EXERCISE MATERIAL |

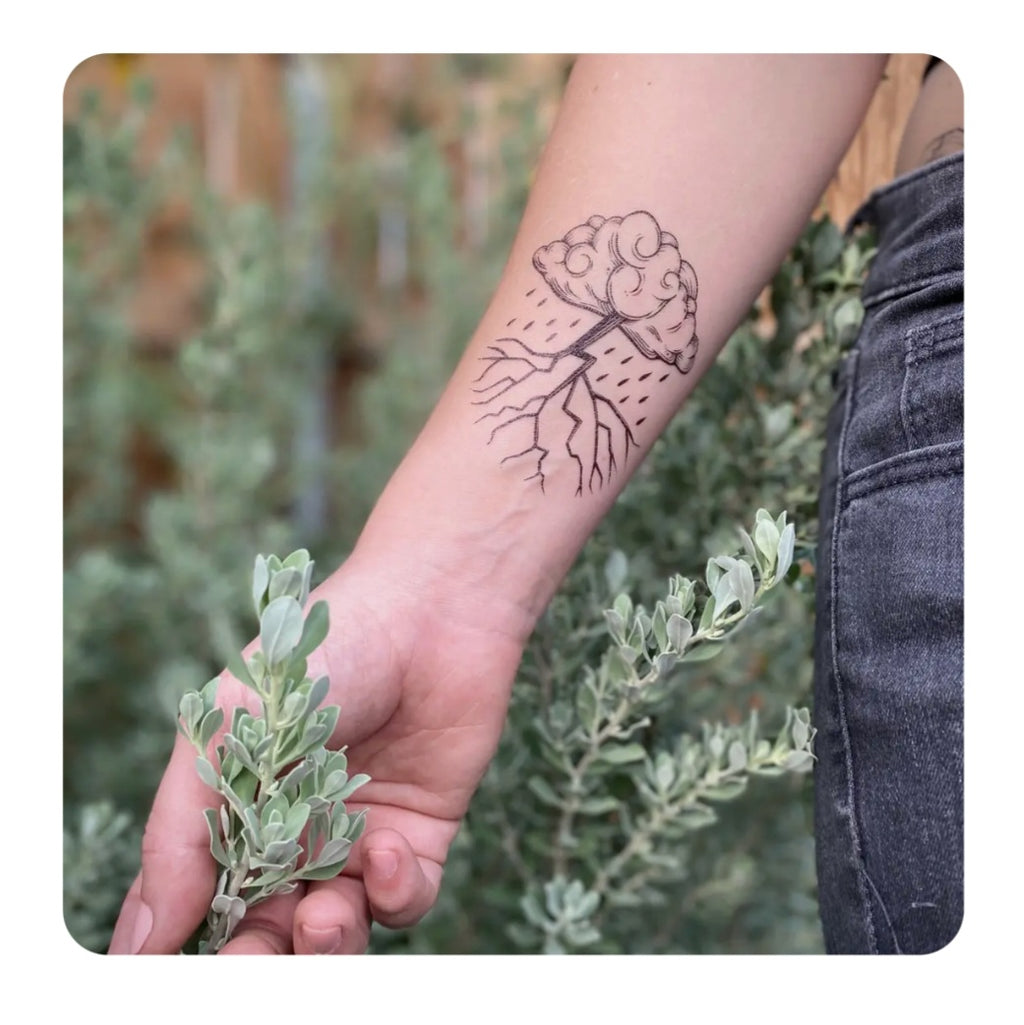 Storm cloud temporary tattoo on bare wrist with line-drawn cloud and rain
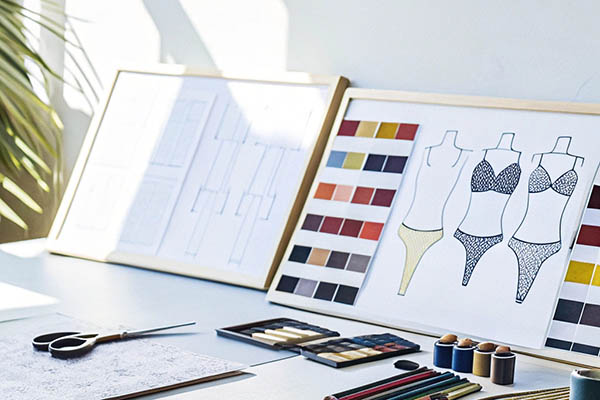 Lingerie sketches, color palettes, and design tools on a desk.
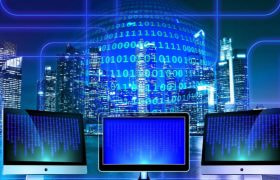 Computer monitors in front of city sape as information flows.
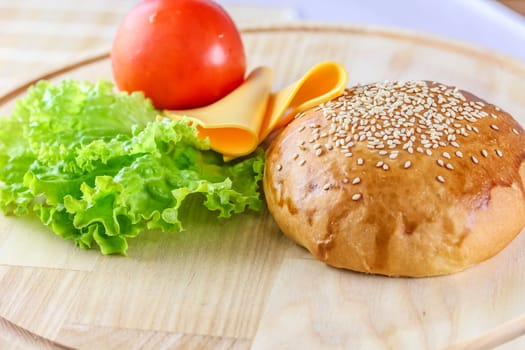 cheeseburger ingredients on wooden background 3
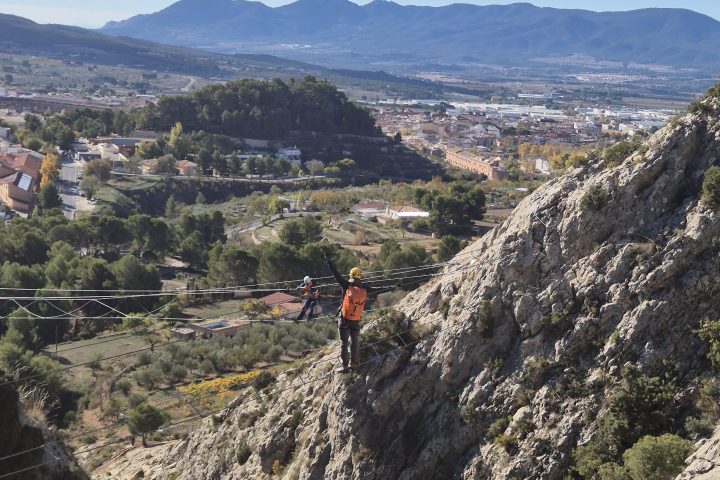 Person hiking on a steep rocky mountain with a scenic valley and mountains in the background.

WORK ITEM | Write out exactly the lines from the one containing "cheeseburger ingredients on" through the last line of the records above, both ends included, and leave out any pictures.

WRITTEN RESPONSE |
 cheeseburger ingredients on wooden background 3
 Person hiking on a steep rocky mountain with a scenic valley and mountains in the background.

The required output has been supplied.